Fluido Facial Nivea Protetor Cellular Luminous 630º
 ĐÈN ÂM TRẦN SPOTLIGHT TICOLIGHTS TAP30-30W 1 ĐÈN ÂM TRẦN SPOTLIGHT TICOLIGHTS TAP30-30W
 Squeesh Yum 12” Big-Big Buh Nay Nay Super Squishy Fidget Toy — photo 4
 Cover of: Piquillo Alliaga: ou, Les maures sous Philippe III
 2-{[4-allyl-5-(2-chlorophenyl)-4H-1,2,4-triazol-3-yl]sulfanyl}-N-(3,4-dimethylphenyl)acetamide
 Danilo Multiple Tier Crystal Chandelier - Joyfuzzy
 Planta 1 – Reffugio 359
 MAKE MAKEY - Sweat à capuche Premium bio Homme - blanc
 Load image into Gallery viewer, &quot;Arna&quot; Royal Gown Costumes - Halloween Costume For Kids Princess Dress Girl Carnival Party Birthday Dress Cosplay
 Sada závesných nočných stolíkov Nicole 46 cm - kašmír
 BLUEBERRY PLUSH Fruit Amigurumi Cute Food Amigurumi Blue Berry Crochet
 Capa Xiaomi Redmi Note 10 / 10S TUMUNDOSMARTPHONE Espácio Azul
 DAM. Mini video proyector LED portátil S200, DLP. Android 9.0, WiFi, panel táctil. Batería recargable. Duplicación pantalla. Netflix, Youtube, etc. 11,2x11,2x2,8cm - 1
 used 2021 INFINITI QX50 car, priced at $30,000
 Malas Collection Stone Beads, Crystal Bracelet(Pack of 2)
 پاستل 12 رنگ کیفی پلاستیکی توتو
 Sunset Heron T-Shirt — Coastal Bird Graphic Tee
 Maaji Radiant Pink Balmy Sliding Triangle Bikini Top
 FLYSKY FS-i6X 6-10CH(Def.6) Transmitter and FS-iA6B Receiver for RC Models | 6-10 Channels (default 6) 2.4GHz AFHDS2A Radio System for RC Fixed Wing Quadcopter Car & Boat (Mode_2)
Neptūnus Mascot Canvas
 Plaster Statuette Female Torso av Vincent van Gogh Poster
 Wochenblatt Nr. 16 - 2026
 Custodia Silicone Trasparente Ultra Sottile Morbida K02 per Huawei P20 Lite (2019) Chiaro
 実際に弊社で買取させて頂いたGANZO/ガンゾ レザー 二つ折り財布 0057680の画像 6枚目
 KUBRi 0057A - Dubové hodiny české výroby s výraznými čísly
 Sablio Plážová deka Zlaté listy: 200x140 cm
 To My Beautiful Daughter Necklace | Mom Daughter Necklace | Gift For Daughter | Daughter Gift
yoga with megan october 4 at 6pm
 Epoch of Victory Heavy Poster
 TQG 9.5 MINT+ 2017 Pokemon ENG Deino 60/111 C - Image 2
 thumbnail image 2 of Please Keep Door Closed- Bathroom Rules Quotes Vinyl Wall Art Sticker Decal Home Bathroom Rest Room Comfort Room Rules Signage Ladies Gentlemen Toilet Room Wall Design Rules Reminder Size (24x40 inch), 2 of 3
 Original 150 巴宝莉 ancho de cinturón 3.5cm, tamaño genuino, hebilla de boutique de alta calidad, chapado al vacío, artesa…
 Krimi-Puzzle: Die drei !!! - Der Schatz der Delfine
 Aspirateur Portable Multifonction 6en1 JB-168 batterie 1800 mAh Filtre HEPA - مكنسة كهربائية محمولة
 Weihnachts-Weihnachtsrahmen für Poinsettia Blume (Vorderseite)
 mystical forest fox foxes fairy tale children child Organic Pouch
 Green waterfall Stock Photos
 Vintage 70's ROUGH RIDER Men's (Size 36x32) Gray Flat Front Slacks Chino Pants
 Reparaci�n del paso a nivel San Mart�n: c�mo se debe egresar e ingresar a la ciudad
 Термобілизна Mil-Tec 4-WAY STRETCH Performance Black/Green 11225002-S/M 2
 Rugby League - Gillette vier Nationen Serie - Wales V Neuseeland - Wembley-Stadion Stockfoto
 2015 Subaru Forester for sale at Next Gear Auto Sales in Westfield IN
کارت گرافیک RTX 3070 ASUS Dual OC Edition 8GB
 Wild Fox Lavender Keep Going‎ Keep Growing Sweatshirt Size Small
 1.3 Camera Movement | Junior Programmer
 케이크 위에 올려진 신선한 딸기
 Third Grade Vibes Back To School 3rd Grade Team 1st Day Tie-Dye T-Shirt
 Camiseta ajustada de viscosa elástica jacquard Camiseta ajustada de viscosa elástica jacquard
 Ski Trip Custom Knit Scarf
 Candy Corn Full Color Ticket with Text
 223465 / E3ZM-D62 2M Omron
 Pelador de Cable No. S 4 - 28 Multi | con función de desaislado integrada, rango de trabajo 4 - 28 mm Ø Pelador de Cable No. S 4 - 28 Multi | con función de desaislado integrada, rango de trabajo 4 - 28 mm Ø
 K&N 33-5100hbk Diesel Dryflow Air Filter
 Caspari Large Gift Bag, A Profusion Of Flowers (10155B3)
--- --- ---
- [GOAL OF THE EXERCISE]:
Starting at the first line of the records above, please copy every line exactly through the line containing "MAKE MAKEY - Sweat", and stop there.

- [YOUR SOLUTION]:
Fluido Facial Nivea Protetor Cellular Luminous 630º
 ĐÈN ÂM TRẦN SPOTLIGHT TICOLIGHTS TAP30-30W 1 ĐÈN ÂM TRẦN SPOTLIGHT TICOLIGHTS TAP30-30W
 Squeesh Yum 12” Big-Big Buh Nay Nay Super Squishy Fidget Toy — photo 4
 Cover of: Piquillo Alliaga: ou, Les maures sous Philippe III
 2-{[4-allyl-5-(2-chlorophenyl)-4H-1,2,4-triazol-3-yl]sulfanyl}-N-(3,4-dimethylphenyl)acetamide
 Danilo Multiple Tier Crystal Chandelier - Joyfuzzy
 Planta 1 – Reffugio 359
 MAKE MAKEY - Sweat à capuche Premium bio Homme - blanc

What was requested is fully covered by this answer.